In full and without alteration, print the records below, minus any images.

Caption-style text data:
────────

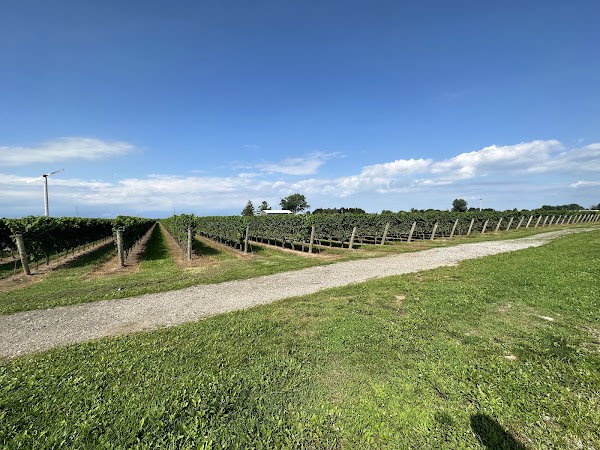Between The Lines Winery 3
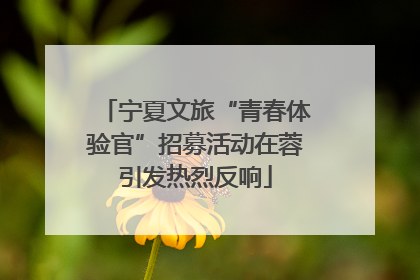 宁夏文旅“青春体验官”招募活动在蓉引发热烈反响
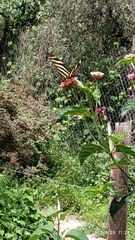 Heliconius charithonia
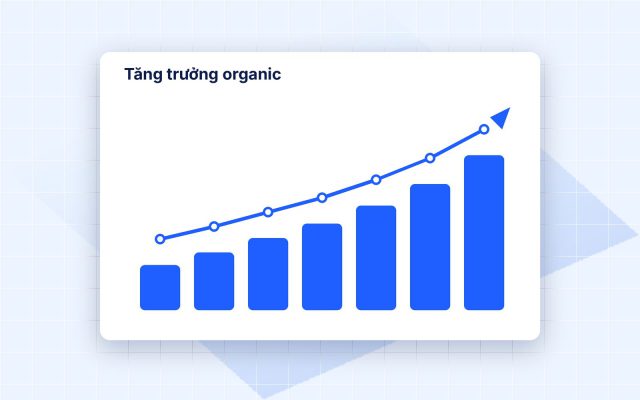 SEO tổng thể là gì? Hướng dẫn từ A–Z cho doanh nghiệp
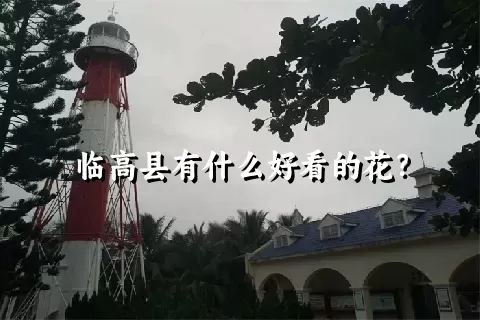 临高县有什么好看的花？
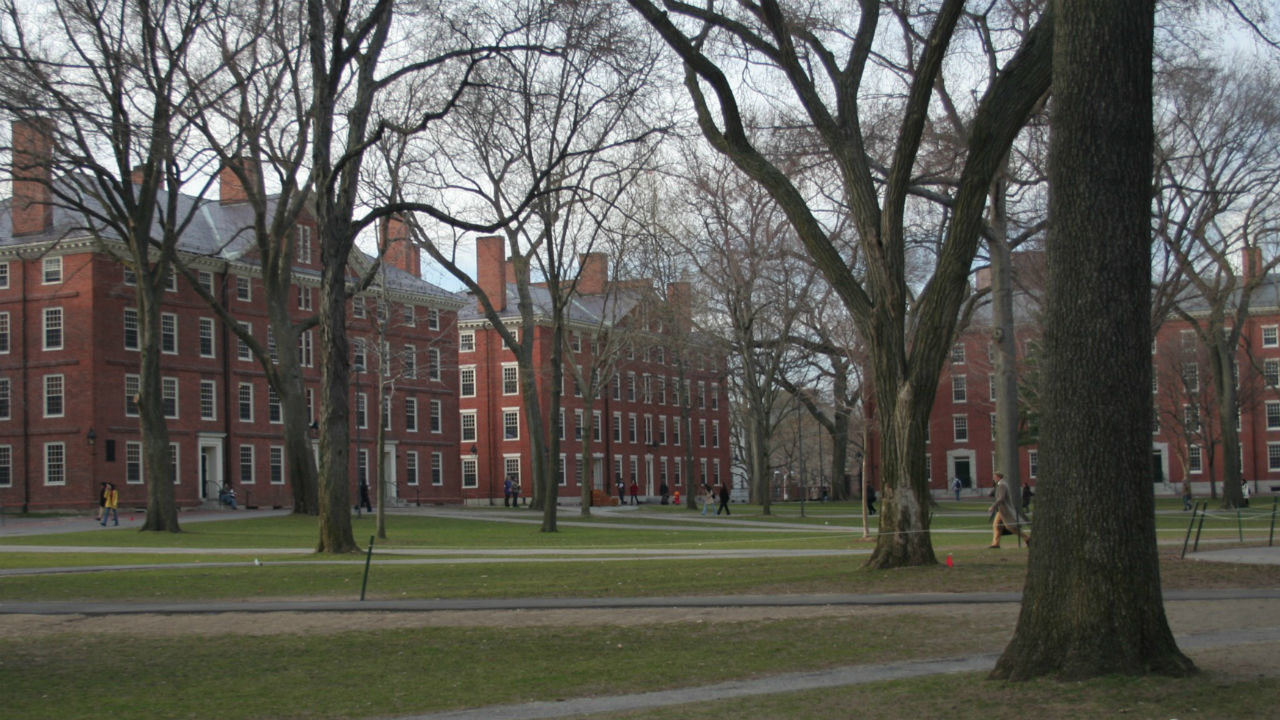 Click to enlarge Harvard Yard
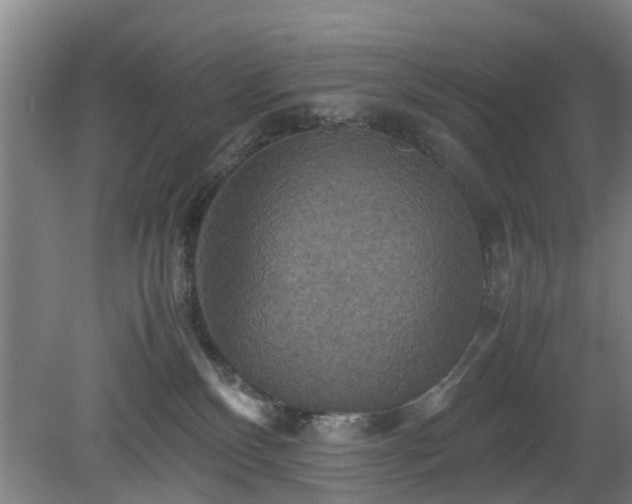 X0000080660136200612221101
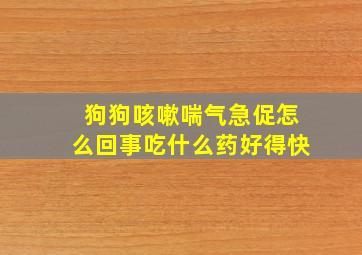 狗狗咳嗽喘气急促怎么回事吃什么药好得快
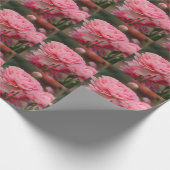 Peony Pink Ranunculus Closeup Cadeaupapier (Hoek)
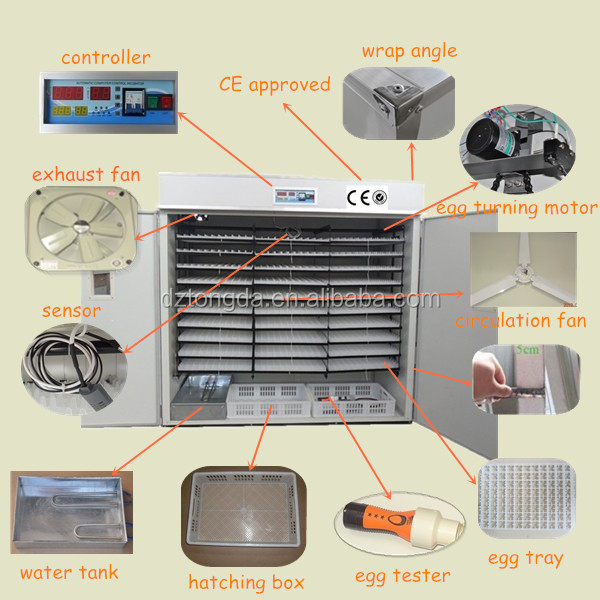 Full automatic quail egg incubator uae poultry farming feeding 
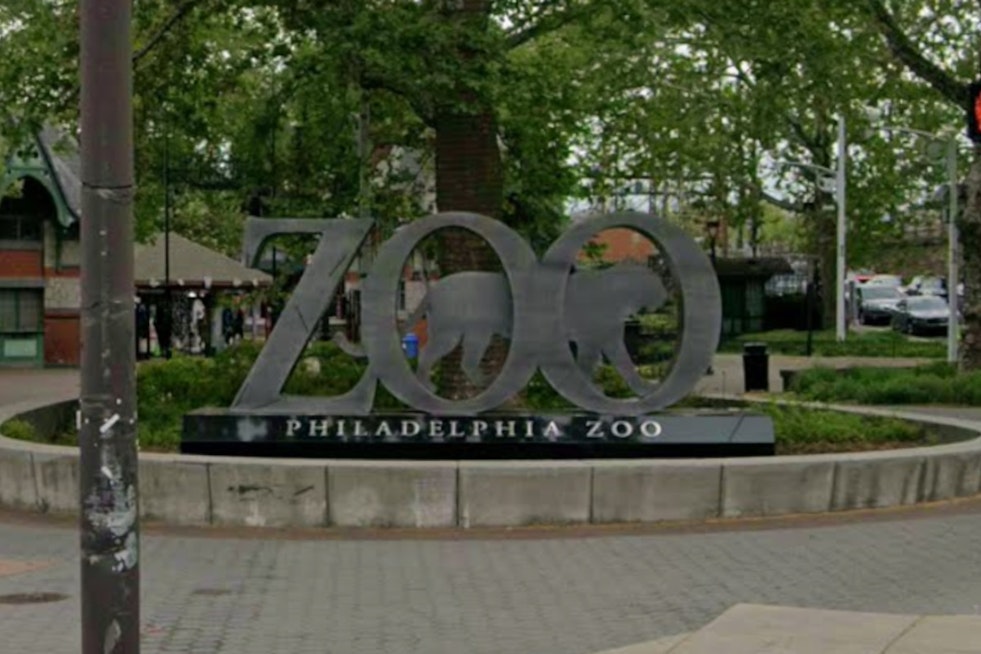 Philadelphia Zoo African Culture Fest With Odunde365 Saturday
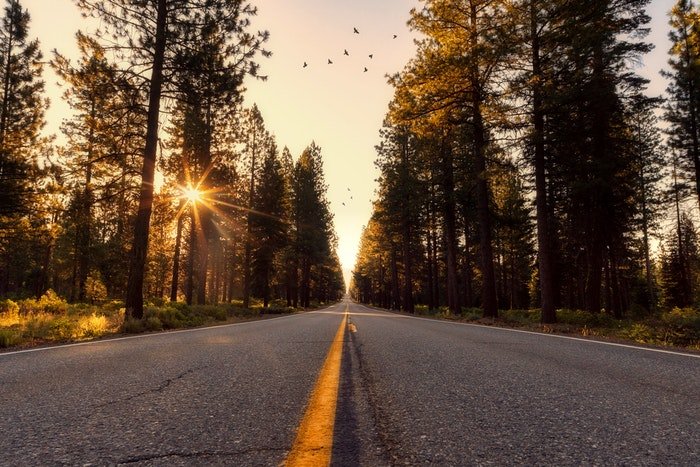 Foto de perspectiva baja de un camino en un bosque al atardecer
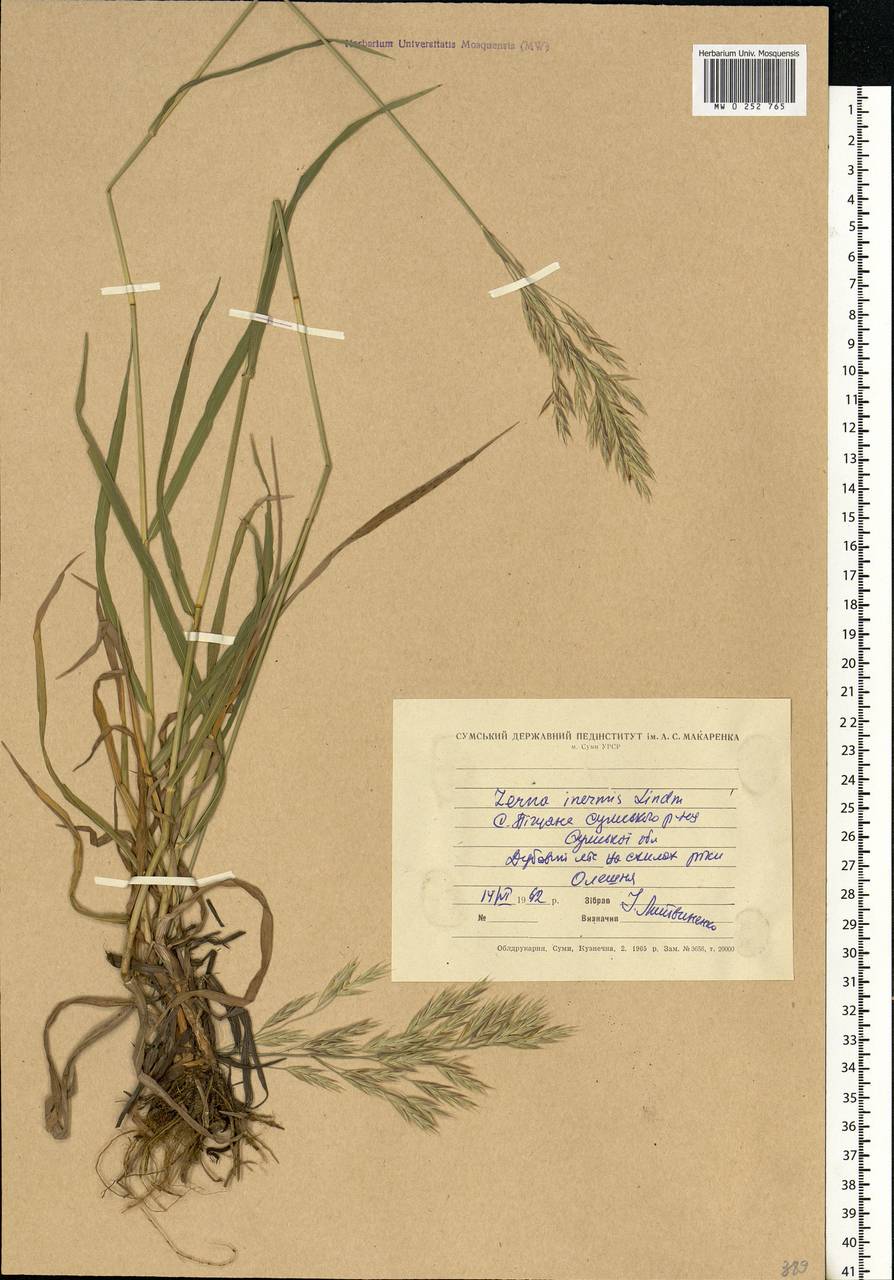 Bromus inermis Leyss., Eastern Europe, North Ukrainian region (E11) (Ukraine)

────────

Response.
Between The Lines Winery 3
 宁夏文旅“青春体验官”招募活动在蓉引发热烈反响
 Heliconius charithonia
 SEO tổng thể là gì? Hướng dẫn từ A–Z cho doanh nghiệp
 临高县有什么好看的花？
 Click to enlarge Harvard Yard
 X0000080660136200612221101
 狗狗咳嗽喘气急促怎么回事吃什么药好得快
 Peony Pink Ranunculus Closeup Cadeaupapier (Hoek)
 Full automatic quail egg incubator uae poultry farming feeding 
 Philadelphia Zoo African Culture Fest With Odunde365 Saturday
 Foto de perspectiva baja de un camino en un bosque al atardecer
 Bromus inermis Leyss., Eastern Europe, North Ukrainian region (E11) (Ukraine)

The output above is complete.